Crawled caption data
=======
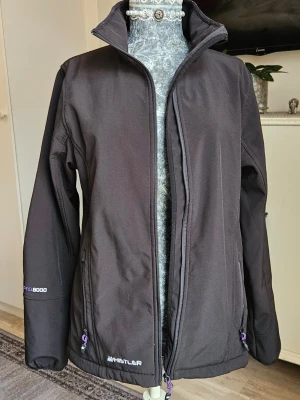 Svart vindjacka Whistler - Svart vindjacka från Whistler med fleecefoder, dragkedja framtill och på fickorna, samt snörning i nederkant. Jackan har hög krage och diskreta lila detaljer vid dragkedjorna. Perfekt för dig som vill ha en sportig och funktionell look.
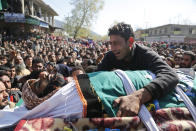 A relative of Umer Farooq, a Kashmiri civilian who was killed Sunday cries over his body during his funeral at Baroosa village 34 Kilometers (21 miles) northeast of Srinagar, Indian controlled Kashmir, Monday, April 10, 2017. Government forces opened fire on Sunday on crowds of people who attacked polling stations during a by-election for a vacant seat in India's Parliament, killing eight people. (AP Photo/Mukhtar Khan)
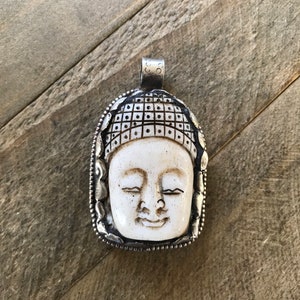 Buddha face carved bone pendant, handcrafted, Nepalese, Tibetan repousse silver, Himalayan, 55X34 mm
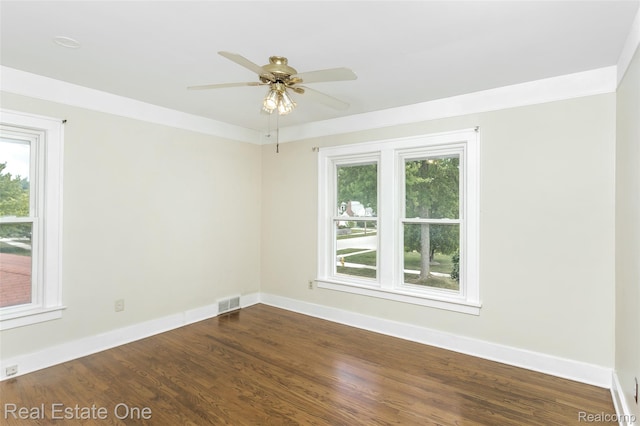 14711 Borgman St, Oak Park, MI 48237 - unfurnished room featuring dark wood-style flooring and ceiling fan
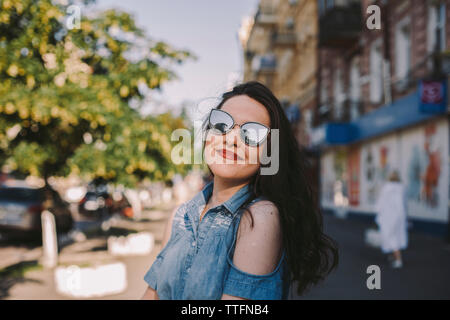 Lächelnden jungen Frau Sonnenbrille tragen, während in der Stadt stehend Stockfoto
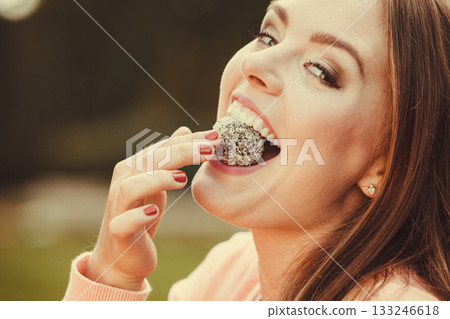 Woman with liitle cookie cupcake. Woman with liitle cookie cupcake. 133246618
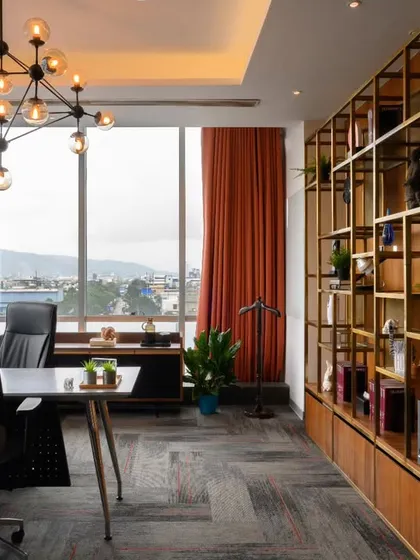 An executive cabin should feel powerful and inspiring. I designed this space with a stunning view, a bold sputnik chandelier, and a custom gold-finished shelving unit that adds a touch of luxury without being stuffy. It’s a workspace that makes a statement.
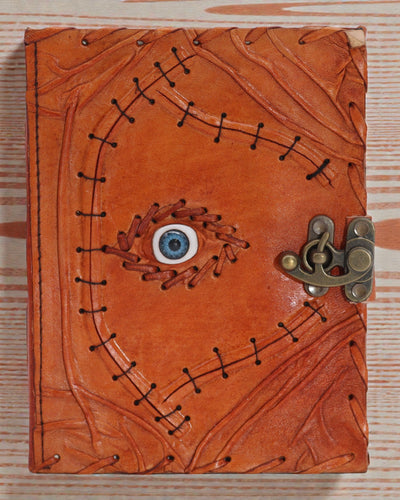 Solarius Schutz – Leder-Notizbuch mit „Böser-Blick“-Motiv und handgenähten Nähten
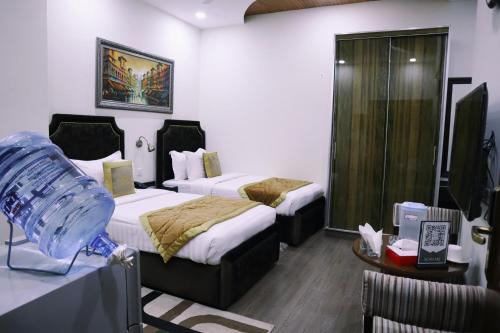 a hotel room with two beds and a television at Hayyat Luxury Hotel Suites in Lahore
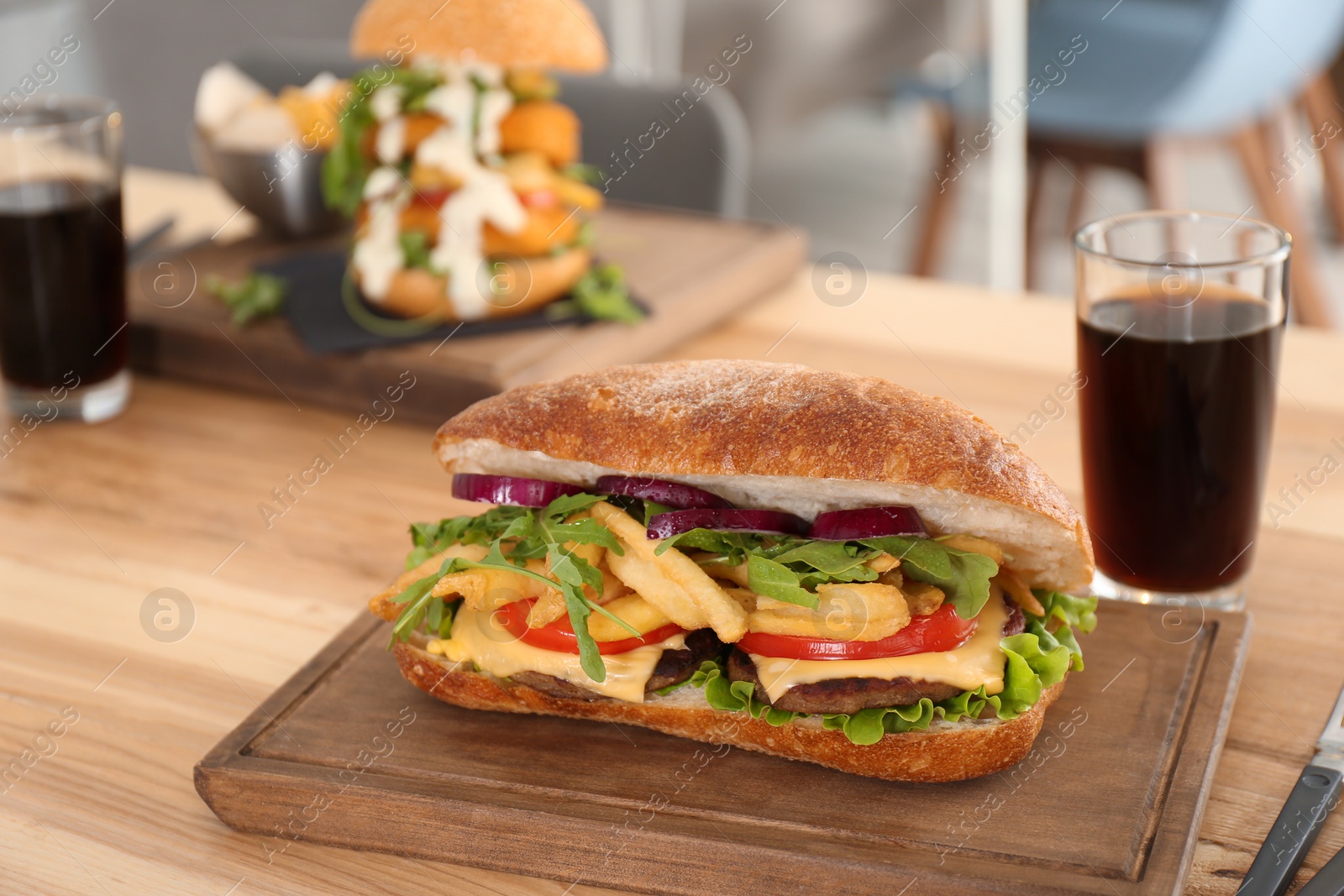 Photo of Wooden serving plate with yummy sandwich on table in cafe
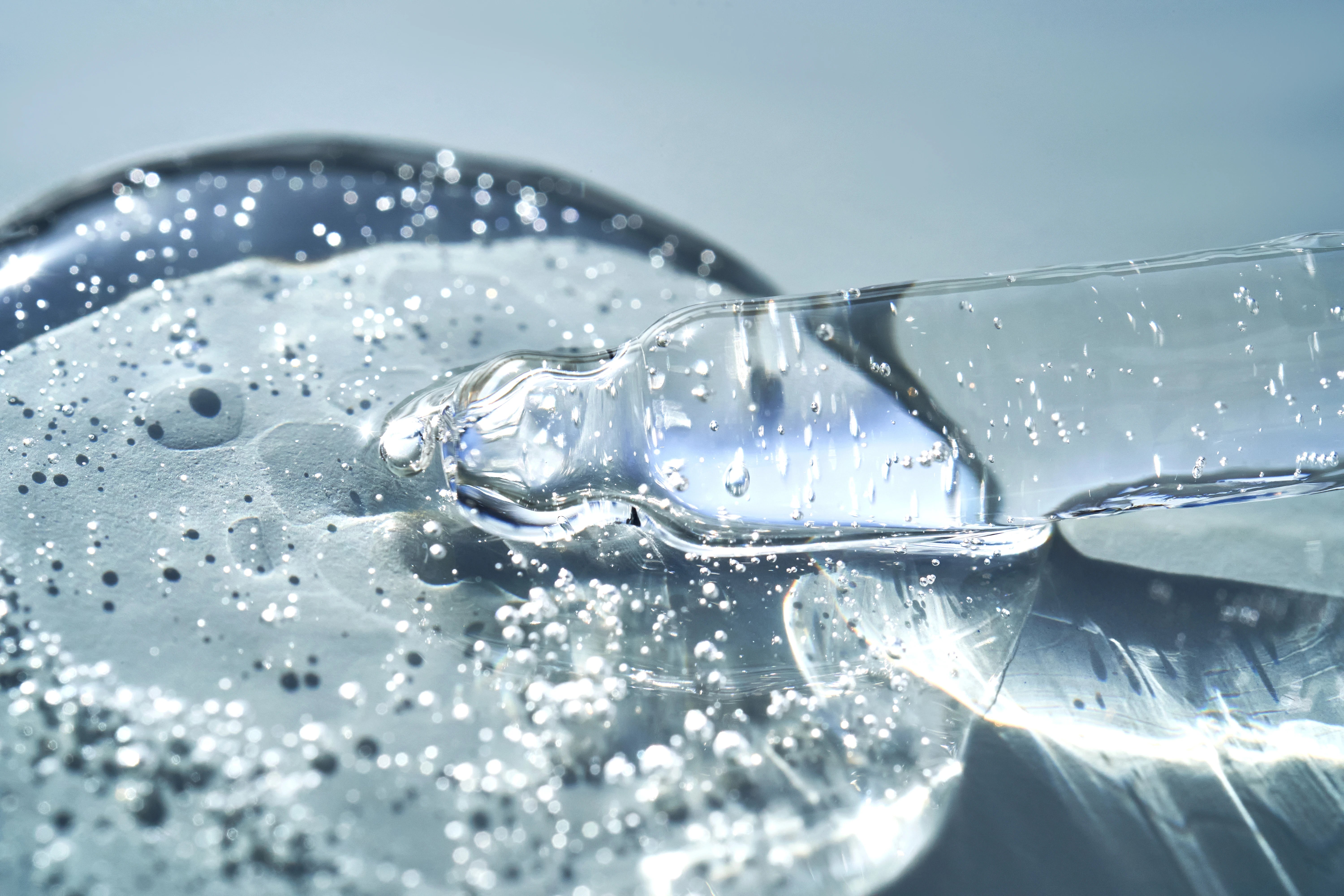 pipette-with-hyluonic acid-serum-shimmering-in-the-sun-on-a-blue-background_45860984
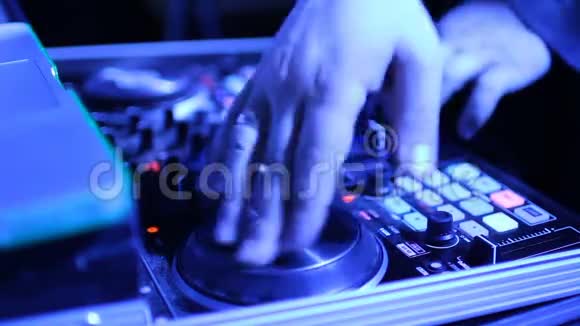 手的DJ调整各种轨道控制在DJ的甲板上视频的预览图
=======
▶ _Work to be completed_
Please output only the lines running from the one that holds "a hotel room" through the last line of the entries, both ends included, without any images.

▶ _Response area_
 a hotel room with two beds and a television at Hayyat Luxury Hotel Suites in Lahore
 Photo of Wooden serving plate with yummy sandwich on table in cafe
 pipette-with-hyluonic acid-serum-shimmering-in-the-sun-on-a-blue-background_45860984
 手的DJ调整各种轨道控制在DJ的甲板上视频的预览图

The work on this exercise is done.